A Programmer’s View of Game Design, Development, and Culture

Good Old Games: WTF?

Posted by Ben Zeigler on September 22, 2010

Last Sunday, Good Old Games (GoG from now on, it’s a DRM-free digital game download service) announced it was abruptly closing. This was alarming to me, as I had enjoyed several of GoG’s packages (bought Master of Magic off them), but given the financial climate and rumors of acquisition I figured it had something to do losing licenses to older games or some sort of business disruption. They announced “On a technical note, this week we’ll put in place a solution to allow everyone to re-download their games.” but tons of other internet gaming companies have announced the same thing before abruptly closing, never to be seen again. People mentioned it may have been a weird hoax but that didn’t make any sense to me.

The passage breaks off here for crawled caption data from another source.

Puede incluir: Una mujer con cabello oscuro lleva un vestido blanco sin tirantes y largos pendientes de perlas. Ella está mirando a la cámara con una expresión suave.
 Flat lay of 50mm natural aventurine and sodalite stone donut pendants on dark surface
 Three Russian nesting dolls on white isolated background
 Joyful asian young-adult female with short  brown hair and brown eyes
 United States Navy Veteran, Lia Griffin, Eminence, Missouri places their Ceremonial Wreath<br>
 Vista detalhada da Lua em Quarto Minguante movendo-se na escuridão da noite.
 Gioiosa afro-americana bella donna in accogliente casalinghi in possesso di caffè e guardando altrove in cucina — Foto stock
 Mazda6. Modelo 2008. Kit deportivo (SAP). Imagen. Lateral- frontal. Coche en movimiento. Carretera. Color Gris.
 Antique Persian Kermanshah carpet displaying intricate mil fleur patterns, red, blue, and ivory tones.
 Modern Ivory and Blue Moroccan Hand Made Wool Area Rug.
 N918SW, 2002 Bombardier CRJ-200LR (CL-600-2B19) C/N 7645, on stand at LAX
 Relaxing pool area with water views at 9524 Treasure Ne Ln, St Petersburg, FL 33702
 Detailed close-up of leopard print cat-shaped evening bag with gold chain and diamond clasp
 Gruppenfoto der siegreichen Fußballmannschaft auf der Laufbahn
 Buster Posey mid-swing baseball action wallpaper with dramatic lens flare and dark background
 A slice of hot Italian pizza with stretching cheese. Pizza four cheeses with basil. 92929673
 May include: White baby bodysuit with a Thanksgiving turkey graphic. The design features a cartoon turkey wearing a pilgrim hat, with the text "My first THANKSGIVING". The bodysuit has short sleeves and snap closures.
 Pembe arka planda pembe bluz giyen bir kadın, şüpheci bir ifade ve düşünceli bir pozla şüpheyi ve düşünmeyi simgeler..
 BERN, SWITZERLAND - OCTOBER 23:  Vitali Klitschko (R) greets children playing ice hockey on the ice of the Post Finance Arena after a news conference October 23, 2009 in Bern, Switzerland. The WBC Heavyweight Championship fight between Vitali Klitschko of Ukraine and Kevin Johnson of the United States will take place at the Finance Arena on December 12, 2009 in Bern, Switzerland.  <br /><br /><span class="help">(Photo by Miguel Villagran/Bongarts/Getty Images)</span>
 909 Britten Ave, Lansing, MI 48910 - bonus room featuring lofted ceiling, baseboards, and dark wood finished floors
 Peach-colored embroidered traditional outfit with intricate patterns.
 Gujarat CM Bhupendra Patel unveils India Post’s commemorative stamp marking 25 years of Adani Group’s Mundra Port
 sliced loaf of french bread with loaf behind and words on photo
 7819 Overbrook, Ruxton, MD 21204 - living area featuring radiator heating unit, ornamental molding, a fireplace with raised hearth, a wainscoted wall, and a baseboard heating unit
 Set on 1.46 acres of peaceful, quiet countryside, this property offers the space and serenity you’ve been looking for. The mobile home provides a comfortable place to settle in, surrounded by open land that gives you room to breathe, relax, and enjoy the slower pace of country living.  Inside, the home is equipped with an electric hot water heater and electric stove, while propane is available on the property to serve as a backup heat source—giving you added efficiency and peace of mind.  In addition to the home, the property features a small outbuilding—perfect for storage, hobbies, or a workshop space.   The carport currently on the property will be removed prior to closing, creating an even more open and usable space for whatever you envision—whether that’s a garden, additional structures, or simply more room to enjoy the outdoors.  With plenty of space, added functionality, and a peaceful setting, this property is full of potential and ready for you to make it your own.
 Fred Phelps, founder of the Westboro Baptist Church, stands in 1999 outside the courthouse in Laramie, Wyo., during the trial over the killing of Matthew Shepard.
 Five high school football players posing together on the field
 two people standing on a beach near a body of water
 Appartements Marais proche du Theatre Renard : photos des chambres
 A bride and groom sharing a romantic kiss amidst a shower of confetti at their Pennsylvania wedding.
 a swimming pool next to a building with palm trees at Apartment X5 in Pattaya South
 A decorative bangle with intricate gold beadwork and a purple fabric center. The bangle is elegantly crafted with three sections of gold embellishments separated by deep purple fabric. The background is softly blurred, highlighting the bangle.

Imagine my surprise this morning when I see this was all a stupid PR trick for a relaunch of the site. Well I say surprise but what I really mean is irritation. First of all, why does launching a new version of a site take 5 days of downtime? During this downtime all of GoG’s customers were completely unable to access the games they already bought and paid for unless they happened to have them installed. Another big failure is in the original announcement. Looking back at the original announcement I can see what they were going for, but the language in it is 100% identical to what you would see when a company actually closes. It may have read as humorous to them but it read as deadly serious to everyone else. Also, the way they apologized did not come across as particularly sincere: dressed in monk robes in a weird YouTube video.

There are a few things that don’t make for very funny corporate hoaxes, and death is one of them. The whole idea of a service like GoG is that it needs to be reliable, because you are purchasing theoretically lifetime access to games as well as becoming emotionally attached to the service as an entity. GoG has spent years building up positive word of mouth and emotional connection, and they severed those connections the same way as if a friend sent you a serious-sounding suicide note, wouldn’t answer his phone for 6 days and showed up in a clown suit saying “Just kidding! Check out my new suit.” It’s a bit amusing, but it doesn’t really make you inclined to lend him $100 the next time he says he needs help. In the back of your mind there’s always a bit of doubt about them: Was that the only way they knew how to get your attention? Can I really trust them with my personal information? Are they lying to me right now?

When a company builds a personal relationship with their customers (which GoG definitely did, by trading on nostalgia and using social media effectively), it’s up to them to realize the gravity and importance of that relationship. Screwing with the emotions of a friend just because you want attention is a good way to lose friends. I’d be very reluctant to buy anything off of GoG until they prove their trust to me again, and based on twitter and message boards 90% of their core audience feels the same way.

One Response to “Good Old Games: WTF?”

  1. Stuart said

    I completely agree. It was a truly bizarre public relations move on their part. Reliability is king, especially on the web. I can only imagine they were thinking something like, “Hey this prank will get us lots of attention, and none of our customers will mind too much, right?” Which, to be blunt, would be a really stupid thing to think. Getting your customers into a routine that actually includes patronizing your business is a costly and time-consuming process. Breaking that routine on purpose is commercial suicide. Absurd. Just absurd.